The first collection is about tea. Tea drinking was intended to be on of the methods to be quiet, to have a harmony between your private life and social life, country and urban life, a moment that is balanced. When you drink tea, you need tea objects, which you can find in our collection. To drink tea you need to sit down, so we have furniture. And you need to wear something, so we have some very comfortable, soft, tender, relaxed and quiet clothing. And when we drink tea in China, we have some toys, things that we can caress, touch, appreciate. So we have some jewelry, some miniatures, some “toys” for adults.
How would you describe the Shang Xia aesthetic?
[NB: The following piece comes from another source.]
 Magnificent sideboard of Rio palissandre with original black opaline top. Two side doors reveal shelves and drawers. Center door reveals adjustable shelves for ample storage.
We’re trying to create a style that is timeless. If you have a look at furniture from Ming dynasty, it’s so modern, it’s timeless. This is what we’re trying to do but with a contemporary language and with functional objects that we can use everyday. At Shang Xia there are no traditional Chinese shapes or patterns, no flowers or motifs borrowed from history. What is Chinese is the inspiration from spiritual symbols and the craftsmanship. Real timeless objects are not born out of shape but rather from something spiritual.
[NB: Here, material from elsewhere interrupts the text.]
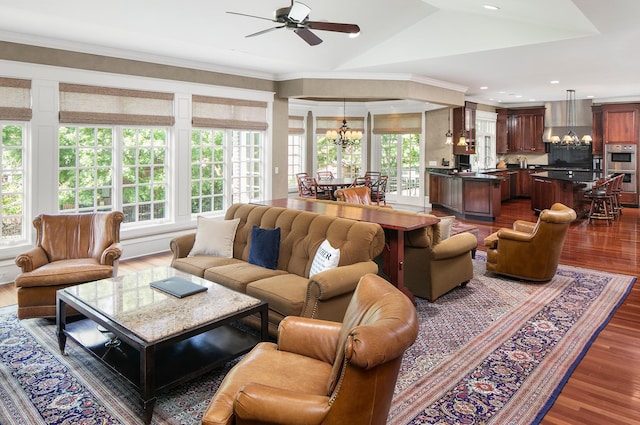 living room featuring ceiling fan with notable chandelier, dark wood-type flooring, crown molding, and vaulted ceiling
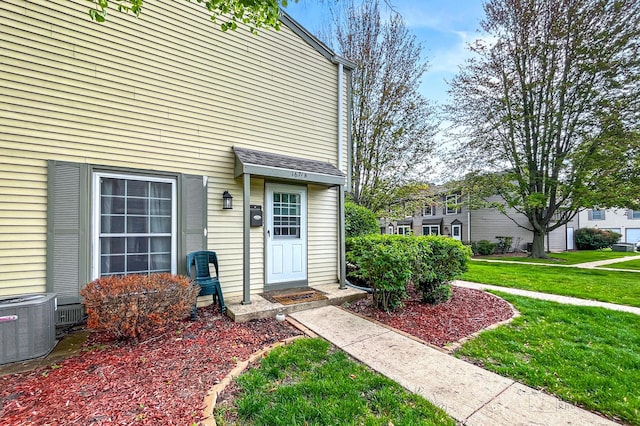 doorway to property with a lawn and central air condition unit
How would you characterise Chinese contemporary design now?
The Chinese creative industry only started 10 years ago. My generation who graduated from design school at that time is very lucky to be at the beginning of this new development. The market and society needs us. Today, the creative industry is very active. It’s like in a garden, every flower is growing. But it’s a wild garden. It’s not like in France or Italy where there is a developed system. In our garden of design, most designers are still making trendy objects and trying to be avant-garde.
Is part of Shang Xia’s mission to safe guard traditional craftsmanship that is in danger of being lost?
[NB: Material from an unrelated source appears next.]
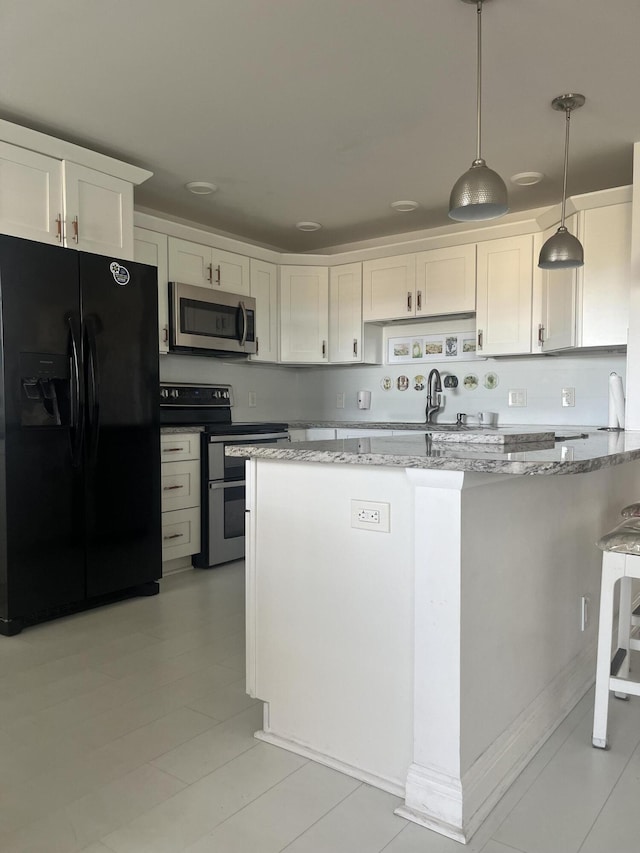 kitchen featuring pendant lighting, stainless steel appliances, white cabinets, and light stone countertops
Pierre-Alexis said that we are like peasants preparing the earth not only for us but also for the next generations. Today in the traditional Chinese ateliers of craftsmen, they have difficulties because what they are making is not up-to-date with today’s lifestyle. Either you are a master and you make unique pieces for collection or you make huge elephants that no one wants to buy. The craft could disappear. We use their experience with a new design to transform functional objects. Then we all have a market.
How have the craftspeople you work with reacted to the Shang Xia project?
There are a lot of very touching stories from during three and a half years. For example, I visited the atelier of the master who makes our furniture in very precious imperial wood. We were so happy to meet each other and when I came back to Shanghai I wrote to him to express my appreciation. One week later I received a hand written reply. I cried because he is 60 and he shared everything about his life during the Cultural Revolution, what he’s disappointed about, the cultural differences between him and his son, how he appreciates our project, how he shares our dreams. In the last paragraph he wrote that he is a person of the sunset (because he is 60 years old) but that the sun of the sunset still has some warmth and light and that he is ready to share that. He asked that if we succeed together his only demand is that we invite him to visit Paris which he has dreamed about since he was young. Our project is full of this kind of love, exchange, respect, and generosity. Only this way will be successful.
Are you filling a niche in terms of the demand of the modern Chinese buyer of luxury goods?
China opened up in the 1980s and rich people over the last 30 years have experienced all luxury brands from the west. When a country develops its economy to a certain level, people go back to its own roots. Rich Chinese people are now looking for things from our culture. I have some very rich friends and I see how they have changed their buying behaviour. For example, they want to know what tea the emperors drunk and they’re trying to find out where they can buy that.